Recently, the Eleventh Circuit heard a similar case regarding a petition for attorney fees under § 406(b). Walker v. Comm'r, Soc. Sec. Admin., 844 F. App'x.104 (11th Cir. 2021); Eddie M. v. Comm'r, Soc. Sec. Admin., No. 1:13-CV-2575-RGV, Order [Doc. 29] (N. D. Ga. Mar. 27, 2020). In Walker, the Eleventh Circuit affirmed the Northern District Court of Georgia's finding that a multiplier of 2.5 was appropriate. In that case, 7.45 hours of work for a Social Security benefits claimant had been performed and non-contingent fee of $425.00 per hour was charged. Eddie M., No: 1:14-CV-2575 (N.D.Ga. 2020), at *11; (Doc. 18-6, at 5, ¶15.) There, Counsel sought $24,545.25 in attorney's fees under § 406(b) based on “only 7.45 hours of work he performed,” and as in this case, the Commissioner also did not oppose the requested amount. Id. at *2, 12; (Doc. 18-1, at 3, 4.)
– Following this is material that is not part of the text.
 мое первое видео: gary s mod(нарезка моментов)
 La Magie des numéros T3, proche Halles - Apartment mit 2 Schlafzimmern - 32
But awarding an attorney's fees of $24,545.25 was found “not reasonable” because Counsel only spent 7.45 hours on the case, resulting in an effective rate of $3,294.66 per hour. Eddie M., No: 1:14-CV-2575 (N.D.Ga. 2020), at *13. But given the favorable results achieved for the client, the contingent nature of the representation, and Counsel's significant experience in Social Security law, applying a multiplier of 2.5-which was also the most common multiplier used by other federal courts in the Eleventh Circuit-seemed reasonable. Id. at *14; (Doc. 18-1, at 5.) Eddie M., No: 1:14-CV-2575 (N.D.Ga. 2020), at *14; see, e.g., Lloyd v. Colvin, No. 13-23282-CIV, 2019 WL 2254948, at *1-2 (S.D. Fl, Apr. 18, 2019) (finding that applying a 2.5 multiplier enhancement to the hours Counsel spent representing her client before the Court was proper because it appropriately reflected the factors that were relevant to the reasonableness inquiry, such as lawyering skills, risks involved, and results achieved); Anderson v. Comm'r, Soc. Sec., No. 2:14-CV-355, 2017 WL 3022333, at *4 (M.D. Fl. July 17, 2017) (“Further, courts have held that awarding attorneys of up to 2.5 times the non-contingent hourly rate ‘adequately compensates attorneys for the risk they assumed in representing claimants on a contingency basis”); Davis v. Astrue, 533 F.Supp.2d 1212, 1216 (M.D. Fl. July 31, 2007) (“In this district. . . a normal hourly rate for Social Security appeals. . . up to 2.5 times [a normal hourly] rate would reasonably account for the contingency nature of the case.”)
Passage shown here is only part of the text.